Last month, I reviewed the Tyndall Center report on China’s Energy Transition: Pathways for Low Carbon Development and expressed three specific concerns.  Since then, I’ve had an opportunity to exchange emails with Dr. Wang Tao (pictured right), one of the co-authors of the report.  He has taken time to address my questions and has graciously agreed to have his explanations posted here.

Here are the concerns I raised on my last post, rephrased for clarity, and Dr. Wang’s responses.

1.  In choosing a global carbon budget for the report’s scenario analysis, a target of 450 ppm of carbon dioxide, which translates to roughly 550 ppm carbon dioxide equivalent, is used.  Is 550ppm CO2e a safe target, especially considering what we know about negative feedback loops and runaway climate change?
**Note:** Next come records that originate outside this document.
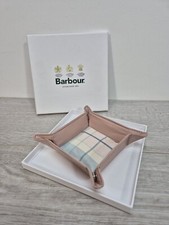 Barbour Classic Valet Money Keys Tray Pink Leather Tartan Finish Vgc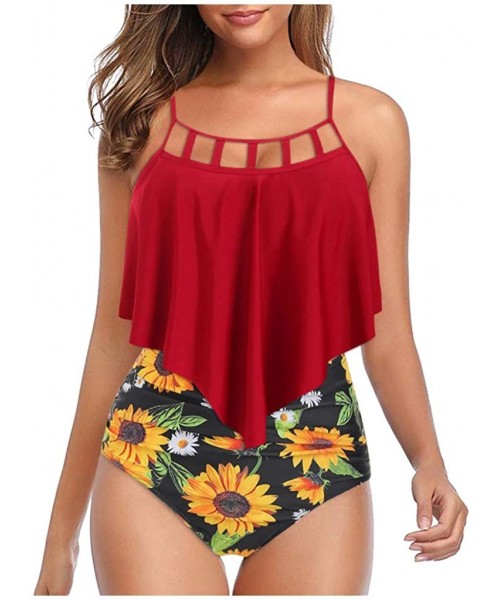 One-Pieces Swimsuits for Women Sunflower Print Two Pieces Bathing Suits Ruffled Racerback Top with High Waisted Bottom - Red ...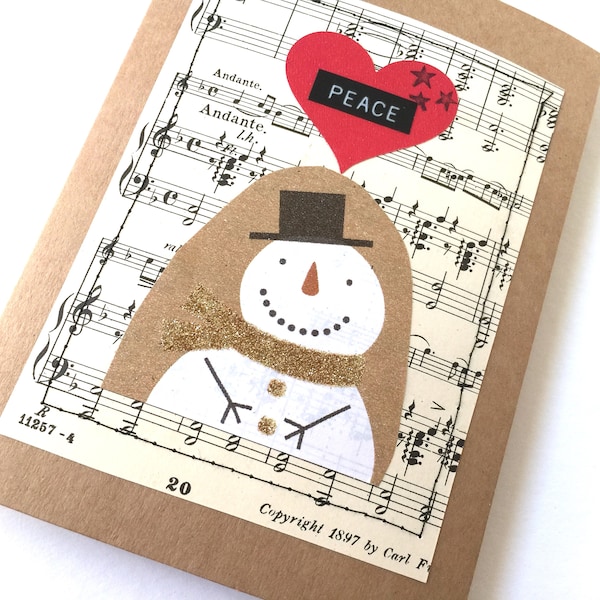 Christmas Greeting Card OOAK Holiday Snowman Christmas Tree Stars Unisex Blank Note Stationery Recycled Material Thread Sew Upcycled Card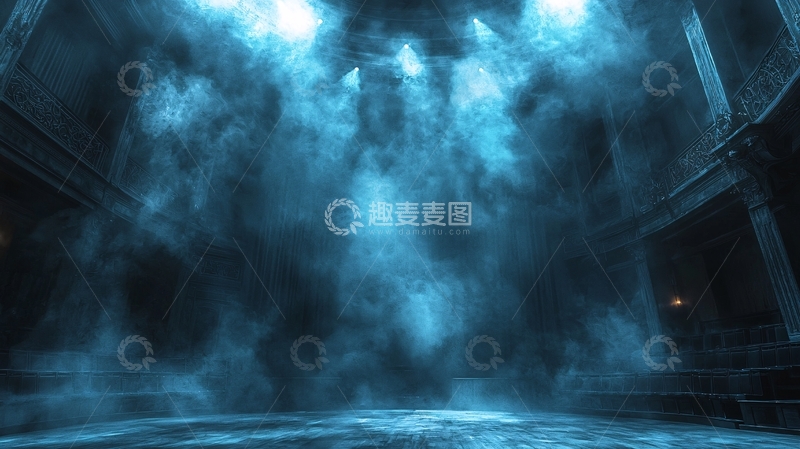 高清大图下载【趣麦麦图】蓝色烟雾神秘宫殿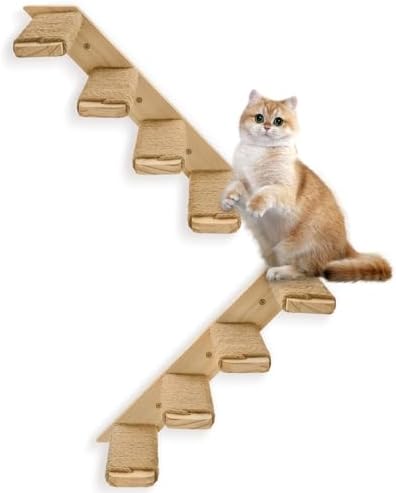 2 Pack 4 Steps Cat Wall Shelves and Stairs with Sisal Rope.Cat Wall Steps/Ladder Furniture ＆ cat Tree Supplies(Catstairs 2Pack-4Steps) by Unknown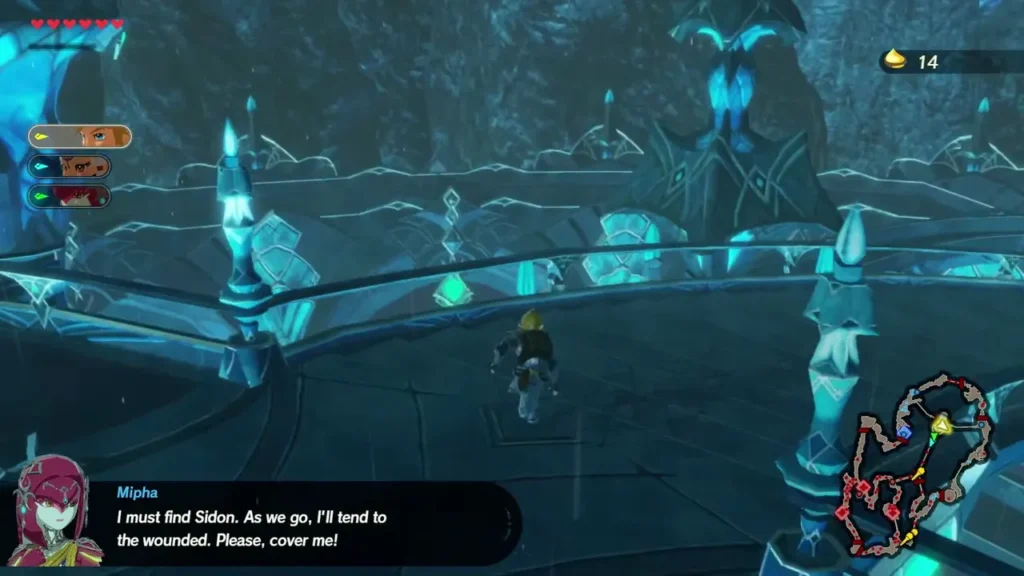Mipha says she must find Sidon and asks Link to cover her in a teal-lit area Mipha says she must find Sidon and asks Link to cover her in a teal-lit area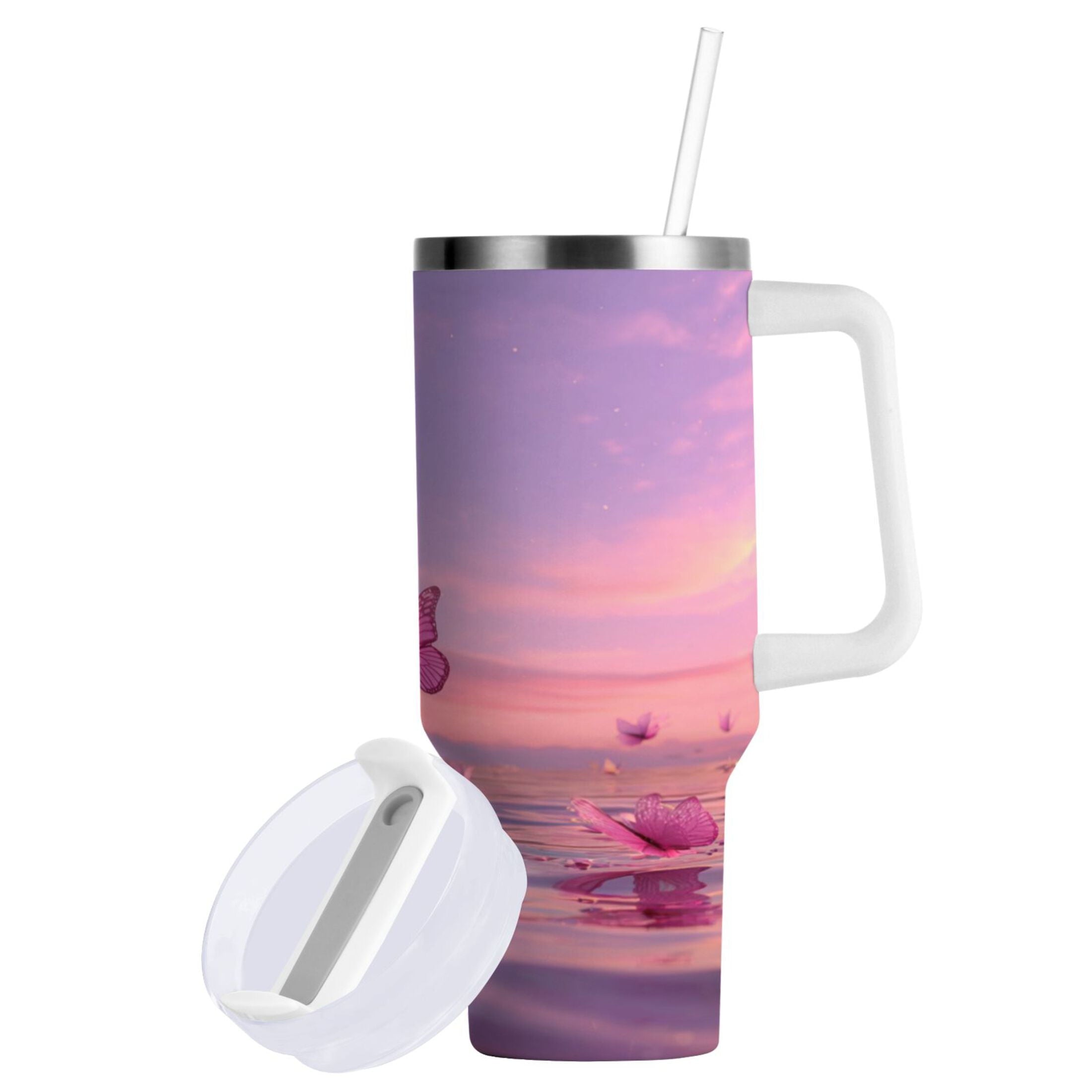 30 oz Insulated Stainless Steel Tumbler Double Wall Stainless Steel Tumbler with 2-Way Drinking Pink Butterflies Flying | I4BI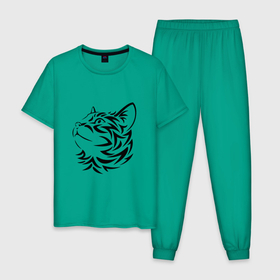Мужская пижама хлопок с принтом Милый котенька в Петрозаводске, 100% хлопок | брюки и футболка прямого кроя, без карманов, на брюках мягкая резинка на поясе и по низу штанин
 | 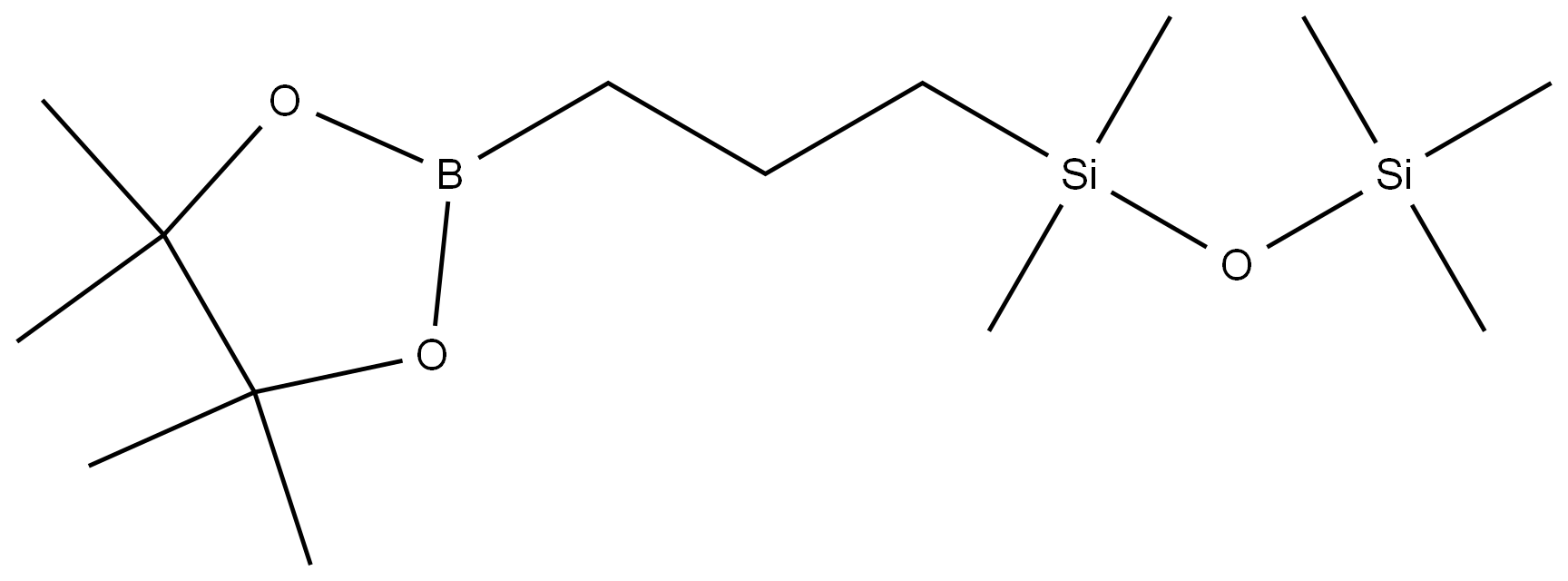 1,3,2-Dioxaborolane, 4,4,5,5-tetramethyl-2-[3-(1,1,3,3,3-pentamethyl-1-disiloxanyl)propyl]- 结构式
No. As many already know, climate change is already happening and there have been many arguments about what is a relatively safe level of carbon concentration to avoid dangerous climate change impacts. The scientific consensus has not been reached; as I have witnessed myself in the Copenhagen climate science congress in March 2009, you can hear people talking about levels from as low as 300 ppm to as high as  550ppm, yet no one is be perfectly sure. I do recognize that the 550 ppm target that we choose  is at the upper end; this does not mean we accept this level as acceptable, but that is the only figure with wide scientific consensus in the IPCC AR4. I would like to reduce it to lower level if there is another widely accepted level. The report has shown that even with 550ppm CO2e it would be very difficult to reach and require significant courage from government to take radical changes soon. It is better to get them moving rather than scare them off at the first place, right? With the same methodology, you could always apply lower CO2 level if wanted, but the trajectories may look scarier. Our choice is rather a compromise between what is ideal and what is practical, as we said in the report.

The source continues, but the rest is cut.